Very true. Looking at the graphs to find out which applications scale linearly with bandwidth (4000 vs. 4800), the only ones I can find are Comsol and 7-zip compression. Both very well multithreaded, I suppose. But both also behave in a very weird way: when RAM speed drops from 4800 to 2400, the performance drops to less than one half.
Let me explain to you with an example. in 2013 a 2400mhz cl10 was an average memory speed and dirt cheap(much faster DDR3 memories existed at that time). now in 2021 an average DDR5 memory is around 4800mhz CL40. after 8 years ram speed has increased 100 percent but on the other hand memory latency has increased a whopping amount of 300 percent. it means in action performance can not be that much better. in my opinion that's disappointing.

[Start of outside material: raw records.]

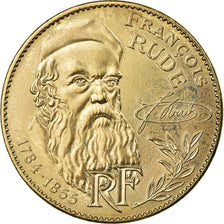 Moneda, Francia, François Rude, 10 Francs, 1984, EBC, Níquel - bronce, KM:954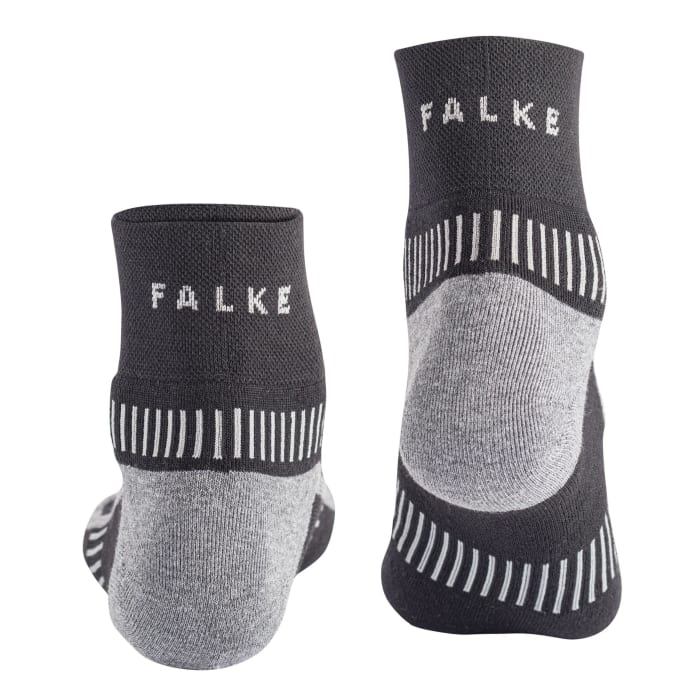 Falke Ankle Stride Black Socks, product, variation 2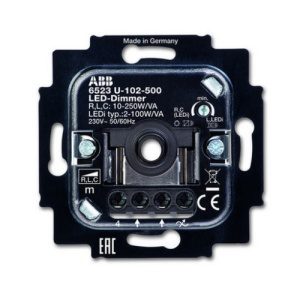 ABB Impuls stmívač LED otočný 6512-0-0335 (6523 U-102-500) 2CKA006512A0335
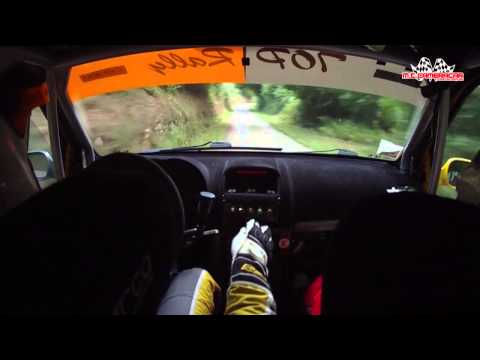 Rally di Reggello 2015  Ciani - Alicervi  Renault Clio Super 1600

Like it or not, latency in nanoseconds hasn't improved much since ... ever. New museum-grade modules that you can buy today (much easier to buy than DDR5, hah) are DDR-333 CL 2.5 or DDR-400 CL 3 or SDR-133 CL 2. All of those calculate to 15 ns.
With that in mind, it's a little unfair to say it's increased by 300%. DDR5 is again around 15 ns, your DDR3-2400 CL10 example is 8.3 ns, making DDR5 80% slower. As for DDR4, it becomes really costly once you get to 8.7 ns or below.
Indeed. Shouldn't that in theory yield more performance if implemented properly?
Probably - or it wouldn't be worth the added complexity.
And yet, in a way, DDR5 is twice as slow, or half as fast, at same clock speed. How so? The minimum unit of data transfer between CPU and RAM is
one cache line, which is 64 bytes. This amount of data is moved in:
- 8 transfers, or 4 clock cycles in DDR4, or 2 ns in DDR4-4000, which has a 64-bit channel
- 16 transfers, or 8 clock cycles in DDR5, or 4 ns in DDR5-4000, which has a 32-bit channel (
if implemented properly).
I'm sure that a specific microbenchmark could be devised that could measure a significant difference in favour of DDR4. It would need to have a very bad pattern of memory access, keeping just one 32-bit channel active, while the other one(s) would be idle.